§ Problem requirements
All entries below must be output word for word, and the pictures left behind.

● ● ● ● ● ● ●

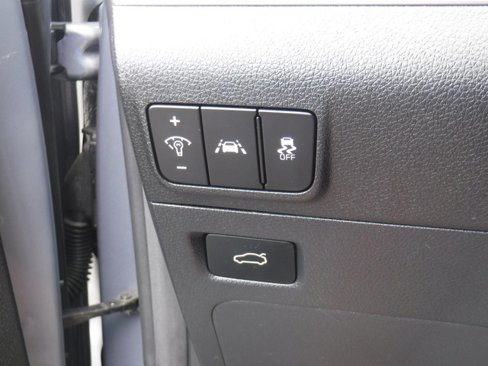 Used 2021 Kia K5 LXS image 25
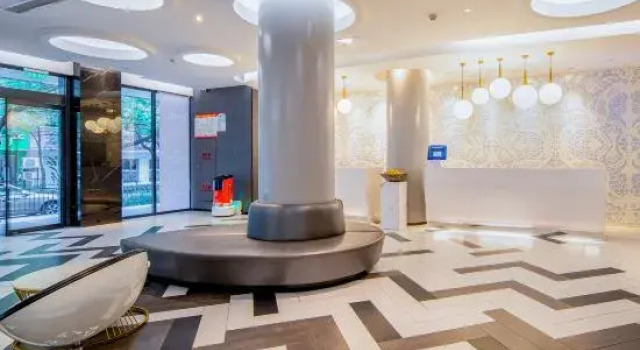 Orange Hotel (Hefei Sanxiaokou Subway Station Store)
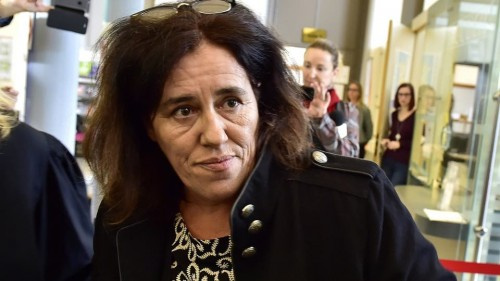 أم حبست رضيعتها في صندوق سيارة لعامين.. وهذا مصيرها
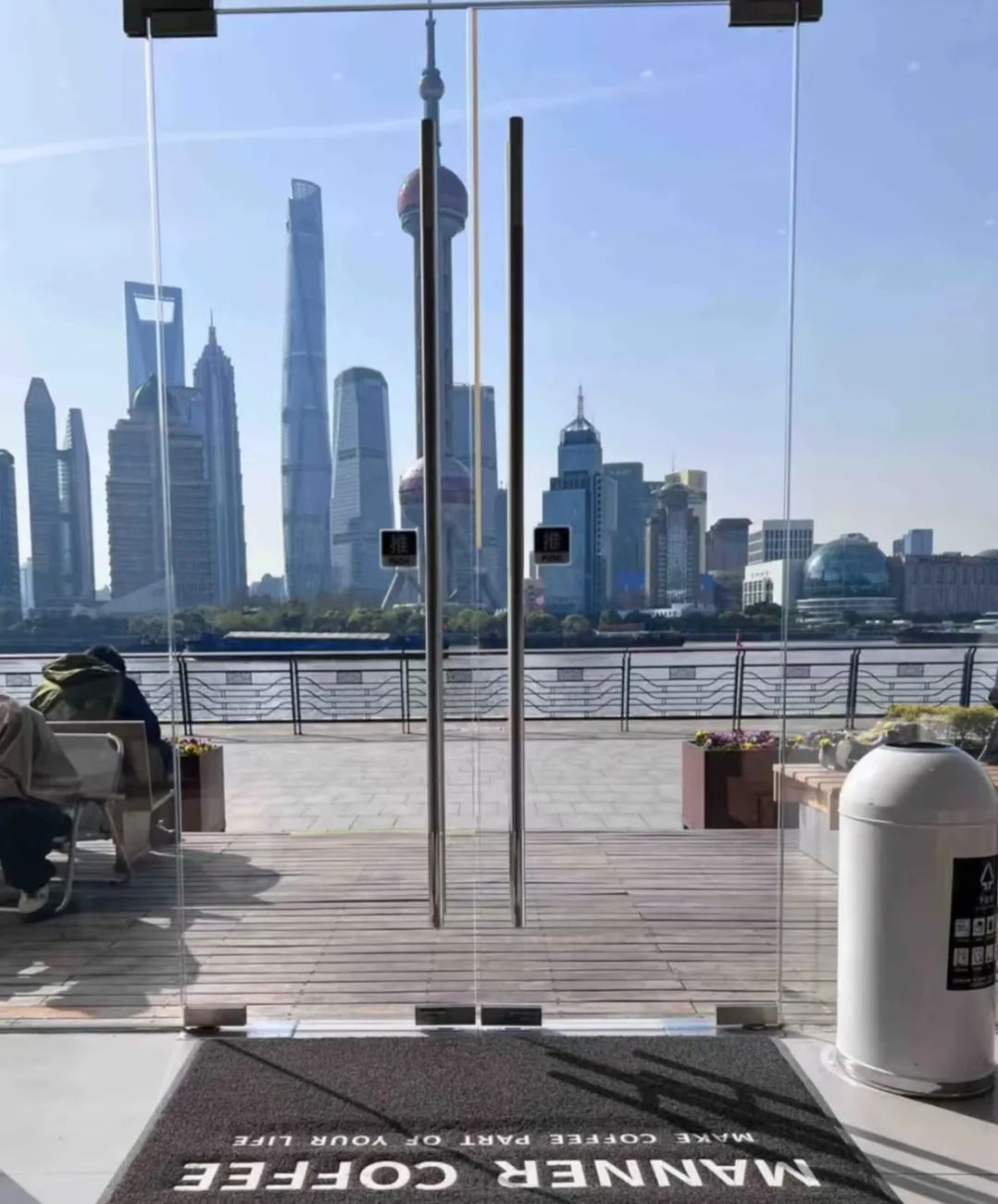 The popular Manner photo spot in Shanghai’s North Bund has been blocked off – Practical photo-taking guide for the Coffee Culture Festival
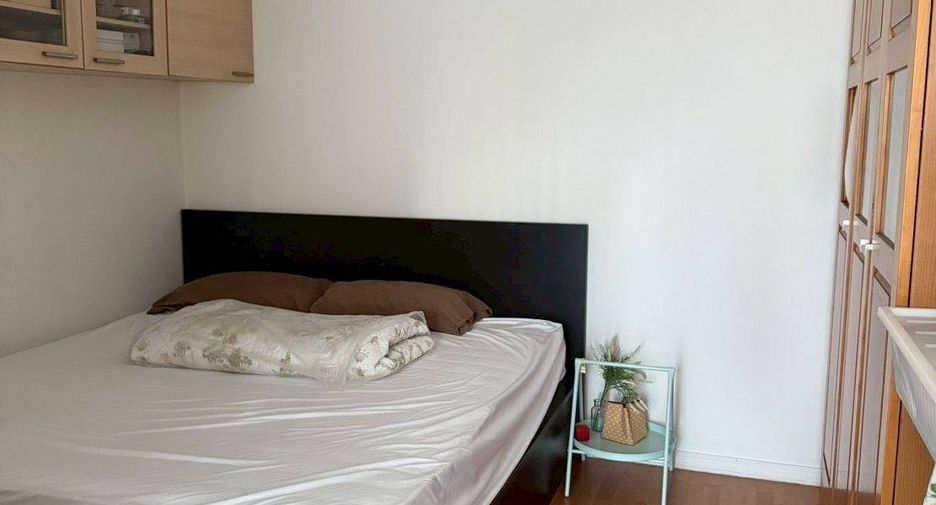 For rent 2 bedrooms condo in Sathon, Bangkok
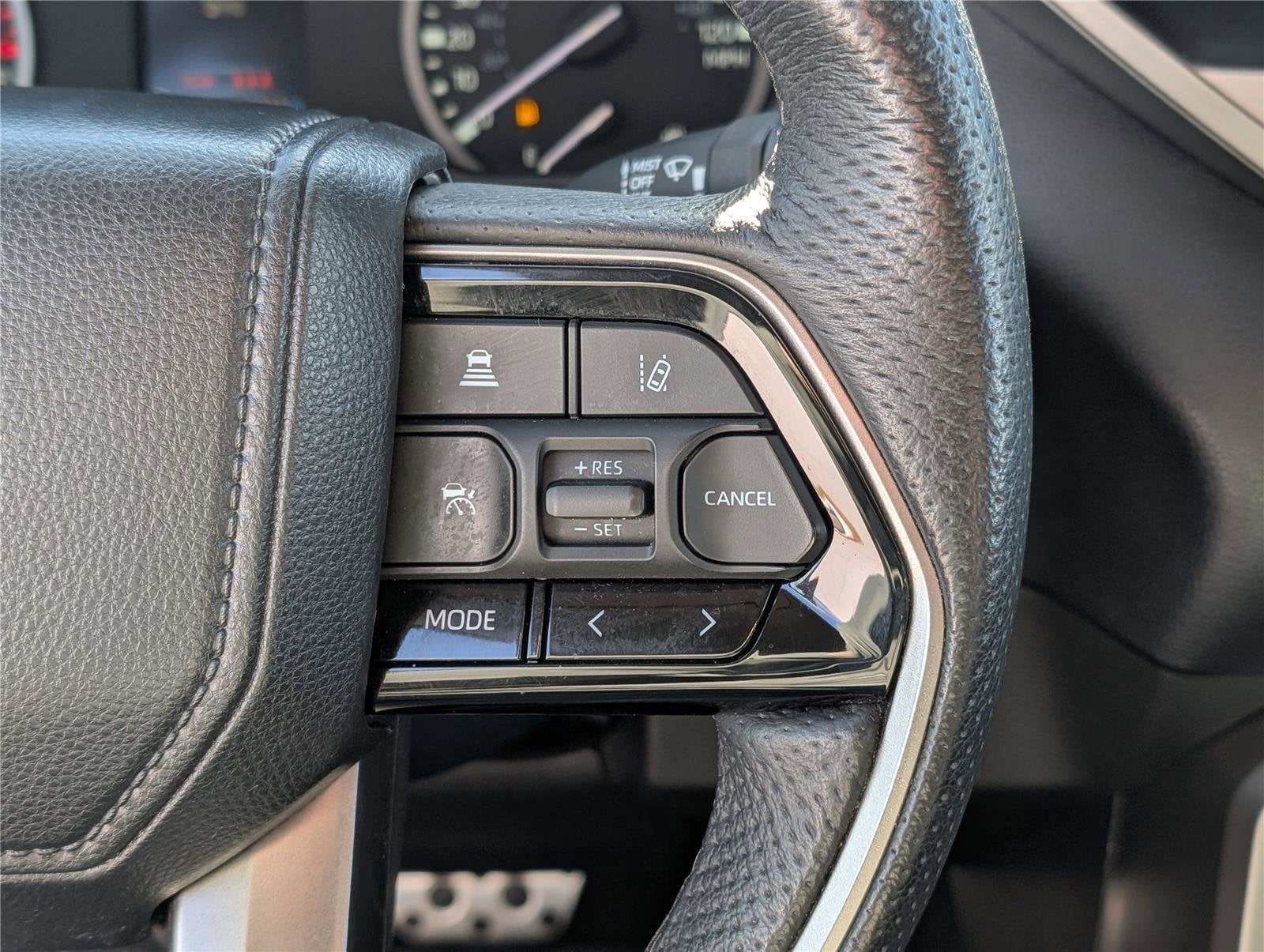 2023 Toyota Tundra 4WD SR5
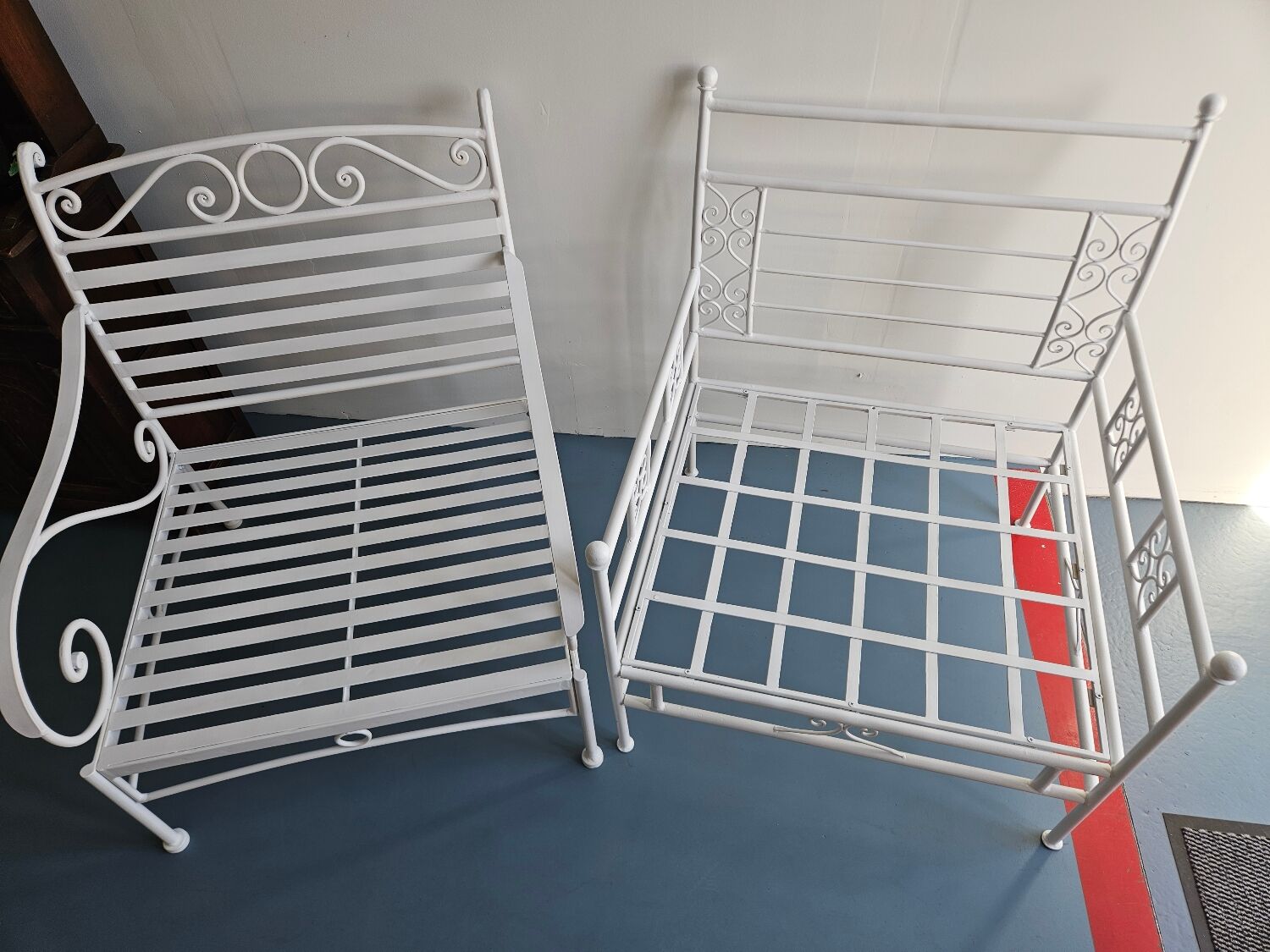 2 wrought iron armchairs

● ● ● ● ● ● ●

§ Exercise response
 Used 2021 Kia K5 LXS image 25
 Orange Hotel (Hefei Sanxiaokou Subway Station Store)
 أم حبست رضيعتها في صندوق سيارة لعامين.. وهذا مصيرها
 The popular Manner photo spot in Shanghai’s North Bund has been blocked off – Practical photo-taking guide for the Coffee Culture Festival
 For rent 2 bedrooms condo in Sathon, Bangkok
 2023 Toyota Tundra 4WD SR5
 2 wrought iron armchairs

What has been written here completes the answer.